In the age of digital transformation, businesses and organizations around the world and across industries are adopting new technologies to improve efficiency, add value and drive innovation. During COVID-19, organizations worldwide found creative ways to extend their digital services for customers, citizens, and employees.

But this rapid transformation increased the probability of cyber incidents and heightened the level of digital risk to organizations and individuals. It has also led to regulatory changes. The speed at which digital technology took hold left many organisations underprepared to protect their most important assets.

With so much sensitive data, digital transformation brings new kinds of threats which organizations, regardless of size or level of complexity, must manage. Cybersecurity incidents can include:

• Data breach
• Systems being unavailable
• Information integrity compromised

In cases involving fraud or theft, the outcome of a cybersecurity incident can be severe financial losses, extended disruption, or worse. It has been reported that 60% of small businesses go bankrupt within six months of a cyber-attack or data breach.

Asking the right questions to better manage cybersecurity

As companies increasingly rely on information technology for their business operations, protecting digital assets and the information they contain has never been more important. But even with a multitude of international standards and frameworks to help, most organizations struggle to manage their cyber risk effectively. Why?

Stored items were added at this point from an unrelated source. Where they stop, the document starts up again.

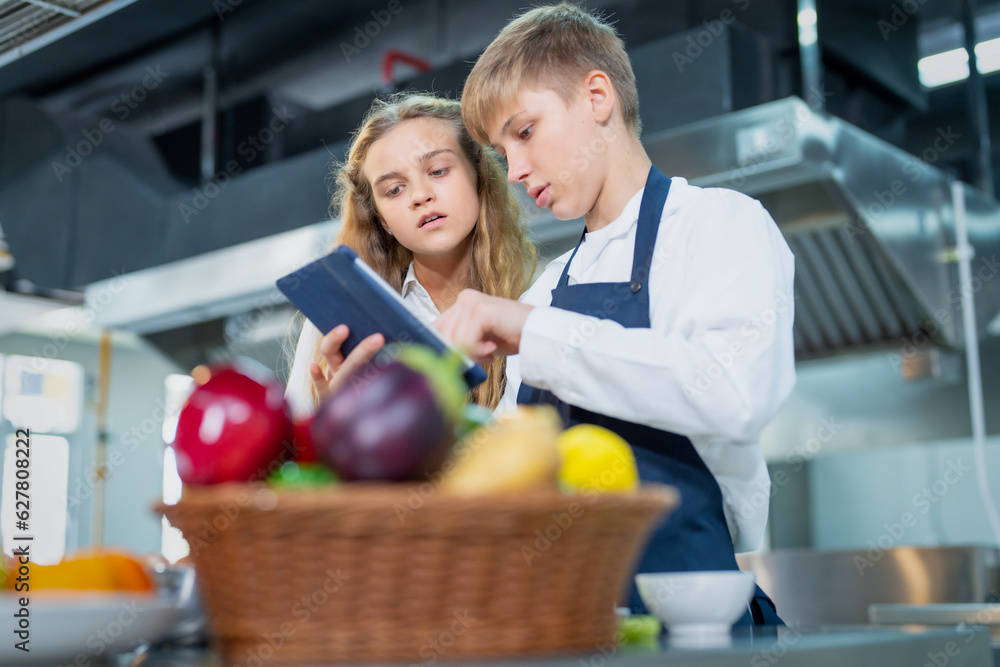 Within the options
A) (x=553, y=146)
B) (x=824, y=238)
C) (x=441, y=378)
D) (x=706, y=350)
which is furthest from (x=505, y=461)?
(x=824, y=238)

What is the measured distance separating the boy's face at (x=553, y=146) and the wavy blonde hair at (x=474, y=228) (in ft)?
1.16

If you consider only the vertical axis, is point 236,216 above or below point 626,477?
above

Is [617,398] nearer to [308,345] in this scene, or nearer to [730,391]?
[730,391]

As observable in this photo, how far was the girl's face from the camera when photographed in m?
1.44

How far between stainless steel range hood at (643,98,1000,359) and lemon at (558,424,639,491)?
164 cm

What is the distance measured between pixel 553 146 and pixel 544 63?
11cm

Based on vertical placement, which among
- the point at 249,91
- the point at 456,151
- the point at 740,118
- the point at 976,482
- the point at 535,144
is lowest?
the point at 976,482

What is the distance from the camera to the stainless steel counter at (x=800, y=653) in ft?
1.82

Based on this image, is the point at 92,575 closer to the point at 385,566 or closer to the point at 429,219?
the point at 385,566

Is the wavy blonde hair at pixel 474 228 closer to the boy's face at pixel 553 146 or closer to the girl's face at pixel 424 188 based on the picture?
the girl's face at pixel 424 188

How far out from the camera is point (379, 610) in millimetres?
530

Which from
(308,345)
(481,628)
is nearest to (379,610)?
(481,628)

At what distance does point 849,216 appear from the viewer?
250 cm

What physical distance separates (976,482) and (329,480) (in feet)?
10.9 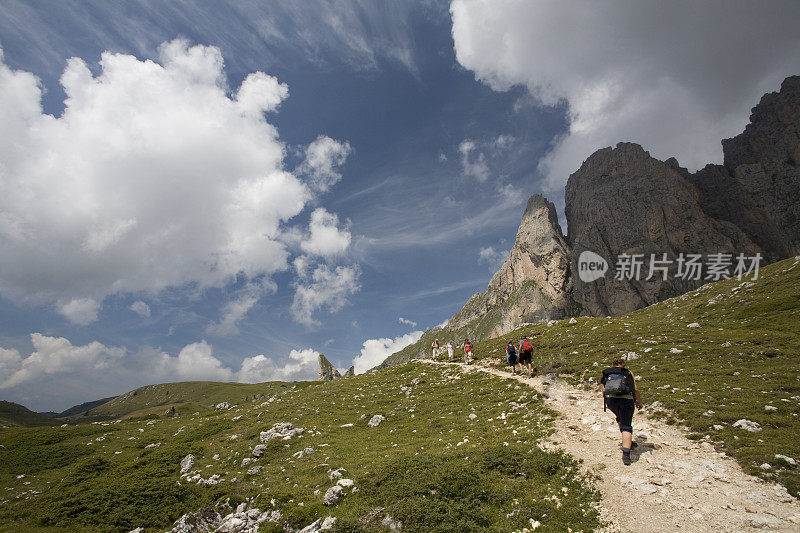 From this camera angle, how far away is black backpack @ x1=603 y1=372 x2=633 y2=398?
13.6 m

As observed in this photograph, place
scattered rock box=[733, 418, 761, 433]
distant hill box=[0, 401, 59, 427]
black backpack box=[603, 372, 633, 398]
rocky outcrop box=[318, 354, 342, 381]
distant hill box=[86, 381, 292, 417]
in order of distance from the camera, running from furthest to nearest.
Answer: distant hill box=[86, 381, 292, 417] < distant hill box=[0, 401, 59, 427] < rocky outcrop box=[318, 354, 342, 381] < black backpack box=[603, 372, 633, 398] < scattered rock box=[733, 418, 761, 433]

• The definition of cyber risk is inconsistent, misunderstood and typically uses vague qualitative measures
• Cyber risk management is siloed and inaccessible to the very stakeholders who should be engaged in this governance process
• Organizations lose sight of why they manage cyber risk in the first place.

‍

In order to protect their most important digital assets, businesses, organizations, and government agencies must first identify the assets, understand how they support business activities, and determine how to protect them by identifying the threats and impact of a cyber incident. This might sound simple, but many businesses struggle to articulate exactly what it is they’re trying to protect and why it needs protecting.

‍

Further complicating the issue, digital transformation has altered the risk landscape. In a global, interconnected economy, the supply chain now extends to third-party software vendors and service providers. We believe a successful cyber risk management programme which addresses these issues should:

• Measure information technology risk scientifically and in terms that decision-makers easily understand
• Prioritize safeguards or controls that improve resilience, recovery, and containment of financial loss from cyber incidents and not just focus on the technical controls intended to avoid incidents
• Be an ongoing corporate governance activity that includes leadership from all functions including the board.

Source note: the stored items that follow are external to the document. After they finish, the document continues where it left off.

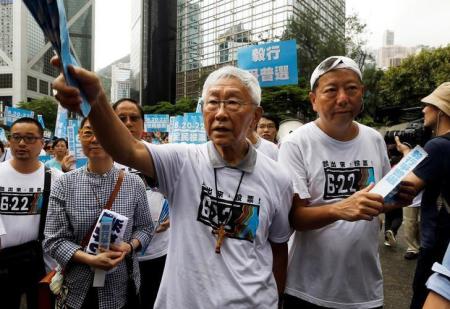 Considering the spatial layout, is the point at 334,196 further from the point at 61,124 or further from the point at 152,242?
the point at 61,124

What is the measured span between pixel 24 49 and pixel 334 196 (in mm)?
76280

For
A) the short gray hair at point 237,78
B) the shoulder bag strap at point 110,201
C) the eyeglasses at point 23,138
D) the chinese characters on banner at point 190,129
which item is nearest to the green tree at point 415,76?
the chinese characters on banner at point 190,129

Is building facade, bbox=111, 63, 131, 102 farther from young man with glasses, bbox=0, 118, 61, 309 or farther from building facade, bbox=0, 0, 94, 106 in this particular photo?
young man with glasses, bbox=0, 118, 61, 309

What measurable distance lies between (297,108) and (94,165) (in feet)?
55.5

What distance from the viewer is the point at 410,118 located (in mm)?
4957

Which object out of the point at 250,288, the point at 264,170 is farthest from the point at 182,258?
the point at 264,170

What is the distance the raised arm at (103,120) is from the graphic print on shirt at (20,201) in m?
1.85

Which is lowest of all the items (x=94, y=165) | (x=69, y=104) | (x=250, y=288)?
(x=250, y=288)

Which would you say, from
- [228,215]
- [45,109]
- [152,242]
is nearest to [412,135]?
[152,242]

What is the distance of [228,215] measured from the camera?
5.16 feet

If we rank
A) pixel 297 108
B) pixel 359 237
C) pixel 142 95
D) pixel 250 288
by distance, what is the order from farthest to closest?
1. pixel 142 95
2. pixel 297 108
3. pixel 359 237
4. pixel 250 288

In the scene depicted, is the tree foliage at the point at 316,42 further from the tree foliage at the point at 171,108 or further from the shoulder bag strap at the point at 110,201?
the shoulder bag strap at the point at 110,201

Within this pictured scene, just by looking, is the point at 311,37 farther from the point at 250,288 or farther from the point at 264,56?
the point at 250,288

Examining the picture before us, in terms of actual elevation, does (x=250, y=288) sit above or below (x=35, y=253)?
above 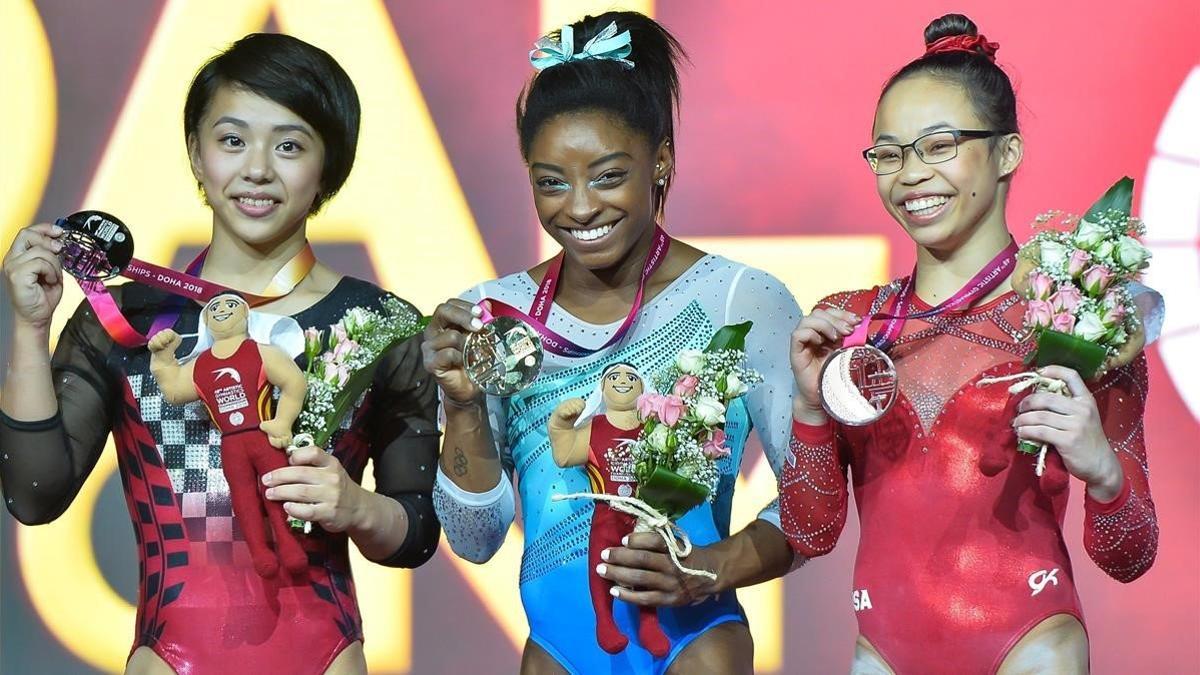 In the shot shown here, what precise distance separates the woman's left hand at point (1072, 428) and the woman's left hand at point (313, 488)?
123 cm

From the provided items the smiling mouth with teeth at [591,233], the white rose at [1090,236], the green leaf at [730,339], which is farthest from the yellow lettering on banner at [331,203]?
the white rose at [1090,236]

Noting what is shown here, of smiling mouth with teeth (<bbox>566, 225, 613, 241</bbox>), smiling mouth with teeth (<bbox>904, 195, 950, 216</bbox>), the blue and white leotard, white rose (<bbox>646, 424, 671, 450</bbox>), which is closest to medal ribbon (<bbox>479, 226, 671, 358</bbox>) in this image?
the blue and white leotard

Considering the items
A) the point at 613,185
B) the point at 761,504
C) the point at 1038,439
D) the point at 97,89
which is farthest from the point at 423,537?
the point at 97,89

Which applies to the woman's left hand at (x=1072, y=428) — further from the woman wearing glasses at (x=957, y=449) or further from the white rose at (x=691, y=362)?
the white rose at (x=691, y=362)

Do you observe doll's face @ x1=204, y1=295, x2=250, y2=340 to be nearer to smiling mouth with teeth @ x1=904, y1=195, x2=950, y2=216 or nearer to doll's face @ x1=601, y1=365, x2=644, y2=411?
doll's face @ x1=601, y1=365, x2=644, y2=411

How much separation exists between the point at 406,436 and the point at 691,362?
71 centimetres

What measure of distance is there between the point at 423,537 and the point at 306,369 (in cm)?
43

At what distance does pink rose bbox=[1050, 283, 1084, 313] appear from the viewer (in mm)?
2635

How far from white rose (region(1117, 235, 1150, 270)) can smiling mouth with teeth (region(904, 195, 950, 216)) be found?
1.17 feet

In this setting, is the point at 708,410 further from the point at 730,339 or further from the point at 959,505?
the point at 959,505

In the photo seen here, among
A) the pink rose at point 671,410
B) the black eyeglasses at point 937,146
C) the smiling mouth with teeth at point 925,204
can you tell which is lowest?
the pink rose at point 671,410

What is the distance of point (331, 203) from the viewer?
5086 millimetres

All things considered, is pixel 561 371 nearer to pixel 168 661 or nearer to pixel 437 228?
pixel 168 661

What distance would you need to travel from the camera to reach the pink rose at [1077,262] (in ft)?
8.70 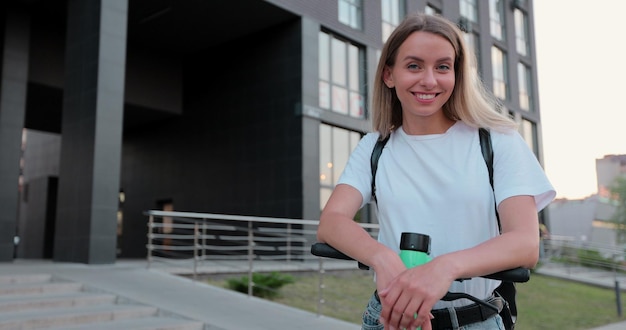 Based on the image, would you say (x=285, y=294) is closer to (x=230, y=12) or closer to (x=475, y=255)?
(x=475, y=255)

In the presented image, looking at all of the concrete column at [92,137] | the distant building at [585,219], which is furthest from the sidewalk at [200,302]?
the distant building at [585,219]

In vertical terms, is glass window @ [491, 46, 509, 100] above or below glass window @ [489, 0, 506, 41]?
below

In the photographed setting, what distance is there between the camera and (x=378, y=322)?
1.40 meters

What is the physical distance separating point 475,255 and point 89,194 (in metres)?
10.8

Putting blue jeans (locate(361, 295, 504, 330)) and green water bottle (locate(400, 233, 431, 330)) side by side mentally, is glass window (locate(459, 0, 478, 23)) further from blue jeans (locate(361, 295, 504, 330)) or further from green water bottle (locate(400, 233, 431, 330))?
green water bottle (locate(400, 233, 431, 330))

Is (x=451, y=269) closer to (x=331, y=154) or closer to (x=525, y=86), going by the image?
(x=331, y=154)

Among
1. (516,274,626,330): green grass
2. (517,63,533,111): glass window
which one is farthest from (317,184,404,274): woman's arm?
(517,63,533,111): glass window

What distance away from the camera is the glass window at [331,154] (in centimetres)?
1656

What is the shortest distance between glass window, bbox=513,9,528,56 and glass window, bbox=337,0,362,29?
12.1m

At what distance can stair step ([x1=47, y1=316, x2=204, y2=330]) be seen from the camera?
5.64 metres

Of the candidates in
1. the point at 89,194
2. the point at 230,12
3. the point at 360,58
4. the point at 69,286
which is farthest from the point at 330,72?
the point at 69,286

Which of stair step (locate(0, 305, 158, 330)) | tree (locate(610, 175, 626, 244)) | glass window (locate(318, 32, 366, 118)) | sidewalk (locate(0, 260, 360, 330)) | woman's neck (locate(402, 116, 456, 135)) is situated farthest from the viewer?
tree (locate(610, 175, 626, 244))

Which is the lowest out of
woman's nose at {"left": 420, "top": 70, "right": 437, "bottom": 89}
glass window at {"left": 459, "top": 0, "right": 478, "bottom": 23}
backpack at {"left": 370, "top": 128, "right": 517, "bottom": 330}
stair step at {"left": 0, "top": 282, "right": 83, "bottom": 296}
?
stair step at {"left": 0, "top": 282, "right": 83, "bottom": 296}

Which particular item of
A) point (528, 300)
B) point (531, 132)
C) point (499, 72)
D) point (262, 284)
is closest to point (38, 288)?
point (262, 284) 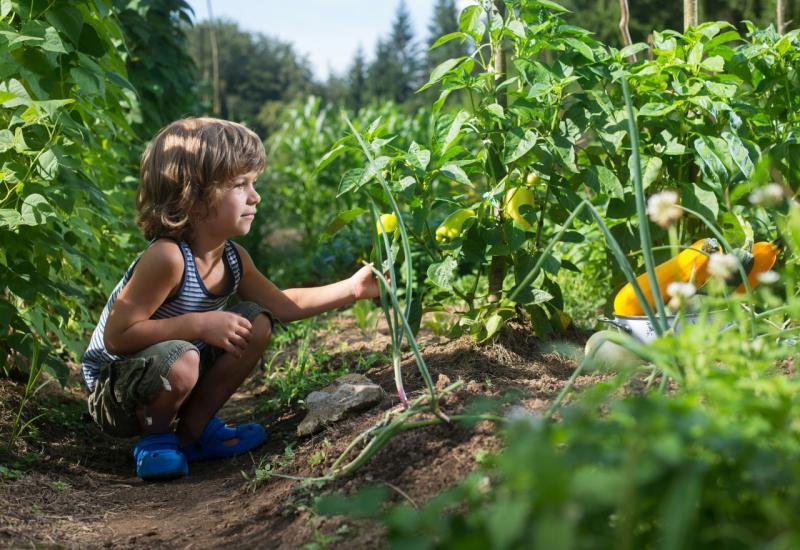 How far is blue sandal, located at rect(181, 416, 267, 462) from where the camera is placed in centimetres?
230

The leadership imperative in cybersecurity

Although digital transformation took hold almost overnight, governance models have been slow to react. We believe that failing to implement proper cyber risk governance represents negligence by the board and senior management. Globally, many regulators are starting to reach the same conclusion. Soon, most organizations will be obliged to have effective and demonstrable cyber risk management governance.

‍

Solving an enterprise issue of this scale needs leadership support. It involves setting the tone at the top, starting with the board of directors and other business leaders. Cyber risk cannot be left to the CISO and CIO to manage in isolation. It is a business-wide issue where every function must be aware of cyber and technology risk associated with their activities and the choices available to safeguard their digital assets.

To achieve this aim, cyber risk management needs a universal language, so everyone easily understands what’s at stake. Financial measures are this universal language, and the quantification of risk in financial terms will enable a massive shift in the governance of information security. Stakeholders must have confidence in the financial data presented and for this to happen quantifying cyber risk in financial terms must be based on a transparent standards-based methodology. We will discuss open standards and risk quantification in a later section.